A host is flagged unhealthy when any metric exceeds its threshold (percent).

| Key | Type | Default | Description |
|-----|------|---------|-------------|
| `cpu_percent` | float | `90.0` | CPU usage ceiling. |
| `memory_percent` | float | `85.0` | RAM usage ceiling. |
| `disk_percent` | float | `80.0` | Disk usage ceiling. |

### `error_logging` — exception capture (web integration only)

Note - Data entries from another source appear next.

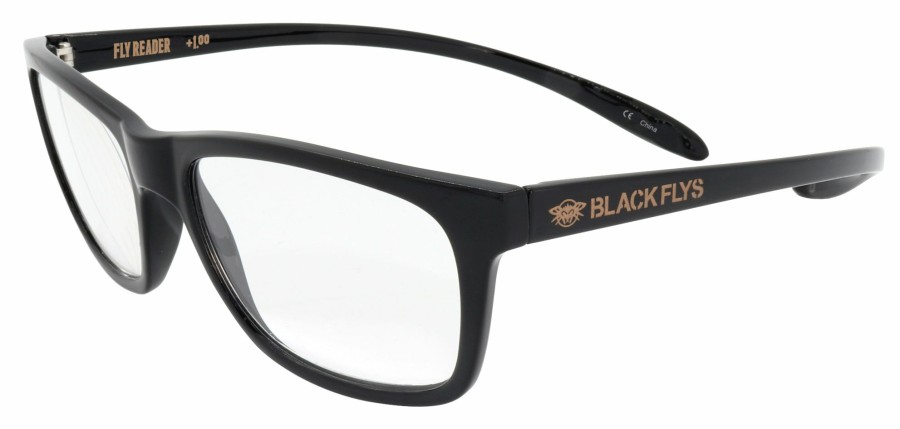 Black Flys Sunglasses | *Neck Hanging Fly Reader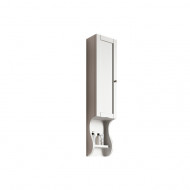 Eban Style Шкафчик подвесной 102х23х16см, с открытой полочкой, SX, цвет: белый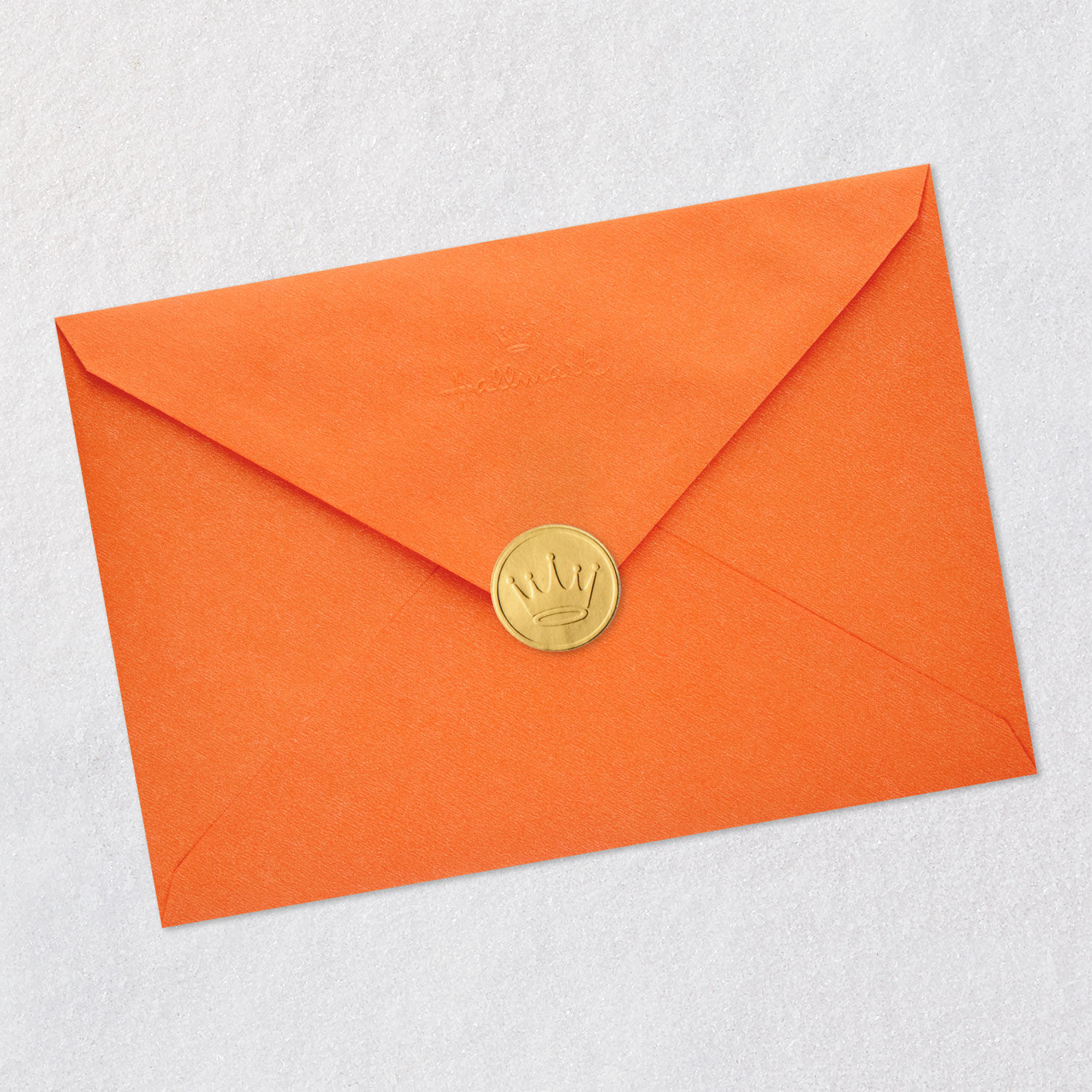 Corny Hi Funny Halloween Card Envelope Back with Seal image number 7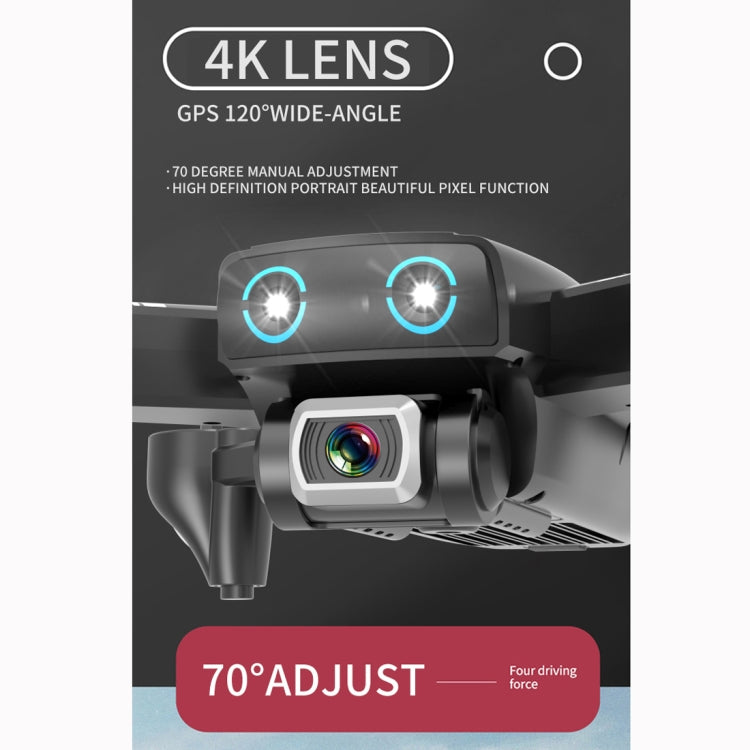 S167 2.4G 1080P WIFI Foldable GPS Positioning Remote Control Aircraft RC Quadcopter Drone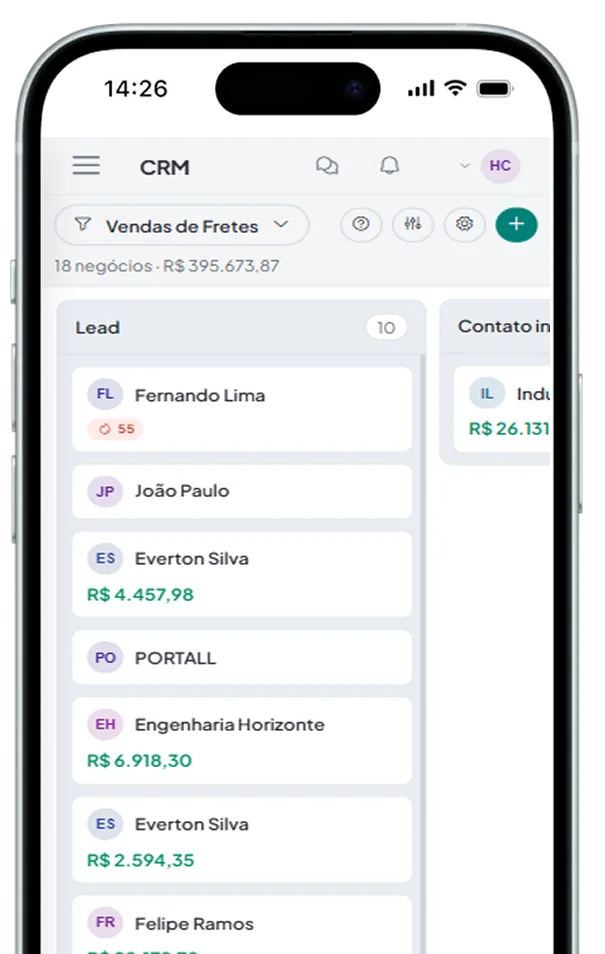 Central de notificações do Painell no celular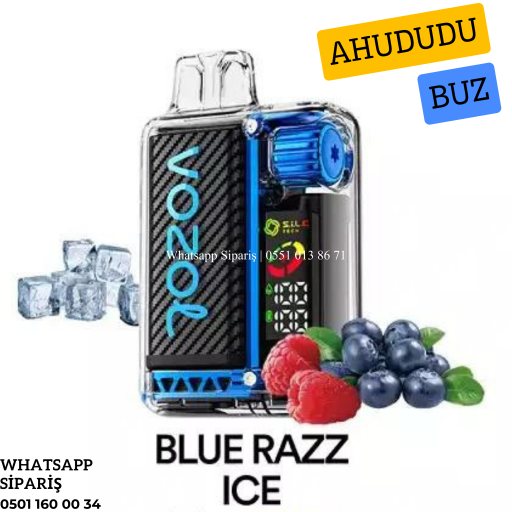 Vozol Vista Blue Razz Ice 20000 PUFF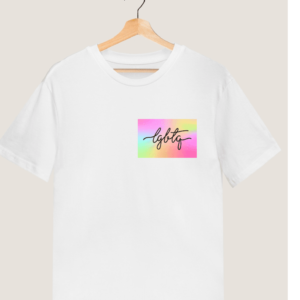 LGBTQ Printed T shirt. #lgbtq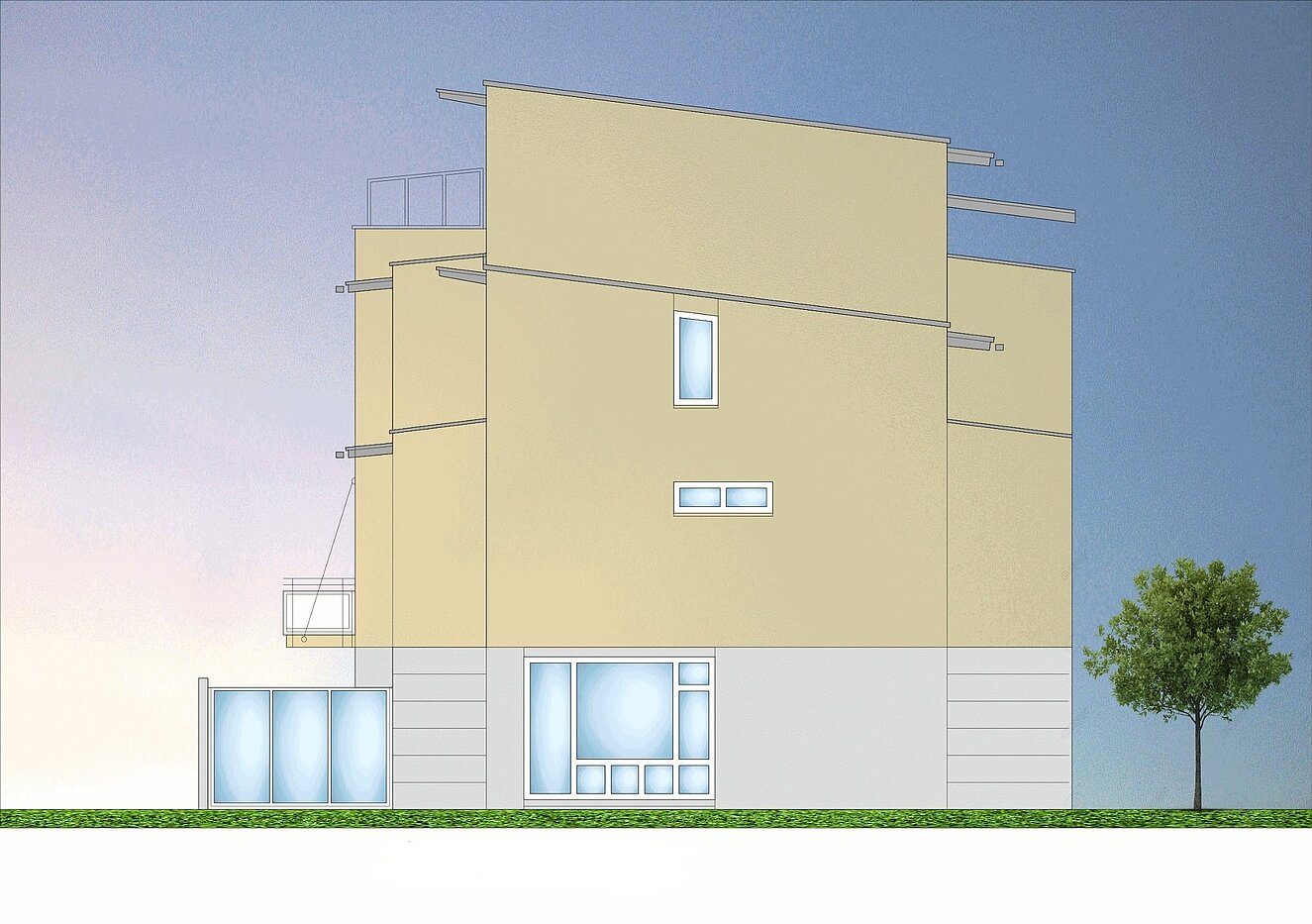 Mezonetno stanovanje s spletno stranjo . 4 Sobe | Olching | 1903ML1 | Ansicht - Süden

| Key | Type | Default | Description |
|-----|------|---------|-------------|
| `enabled` | bool | `True` | Capture unhandled exceptions with stack trace + request context. |
| `capture_request_body` | bool | `False` | Include the request body (off by default for privacy). |
| `max_body_size` | int | `1024` | Max bytes of request body to capture when enabled. |
| `sanitize_headers` | list[str] | `["authorization", "cookie", "x-api-key", "x-auth-token"]` | Headers redacted before logging. |

### Environment-variable substitution

Any **string** value in `MONITOR_CONFIG` may reference environment variables — handy
for keeping secrets out of source:

- `${VAR}` → value of `VAR`, or empty string if unset.
- `${VAR:default}` → value of `VAR`, or `default` if unset.

```python
"backend": {
    "url": "${MONITOR_BACKEND_URL:https://localhost:8701}",
    "api_key": "${MONITORING_API_KEY}",
}
```

### Worker processes (Gunicorn/Uvicorn)

When you run multiple workers per host, set `MONITORING_DISABLE_SYSTEM_METRICS=true`
in the worker environment so only one process reports system/service/process metrics —
this avoids duplicate host data. Request and error metrics are still collected per
worker.

### Full example

```python
MONITOR_CONFIG = {
    "server": {
        "name": "web-01",
        "environment": "production",
        "group": "web",
        "tags": ["api"],
        "deployment": {"version": "1.4.2", "commit": "ab12cd"},
    },
    "backend": {
        "url": "${MONITOR_BACKEND_URL:https://your-backend}",
        "api_key": "${MONITORING_API_KEY}",
        "push_interval": 30,
        "timeout": 10,
        "enabled": True,
    },
    "collectors": {
        "system":   {"enabled": True, "interval": 10},
        "services": {
            "enabled": True,
            "monitor": ["nginx", "redis"],
            "custom_services": [
                {"name": "my-api", "check": "port", "port": 9000},
            ],
        },
        "process":  {"enabled": True, "track_processes": ["python", "gunicorn"]},
        "app":      {"enabled": True, "track_workers": True},
        "docker":   {"enabled": True},   # auto-disables if the docker CLI is absent
        "logs":     {"enabled": False, "max_lines": 100},
    },
    "endpoints": {"health": "/health", "metrics": "/metrics", "prometheus_enabled": True},
    "thresholds": {"cpu_percent": 90, "memory_percent": 85, "disk_percent": 80},
    "error_logging": {
        "enabled": True,
        "capture_request_body": False,
        "max_body_size": 1024,
        "sanitize_headers": ["authorization", "cookie", "x-api-key"],
    },
}
```

## License

MIT — see the bundled `LICENSE` file.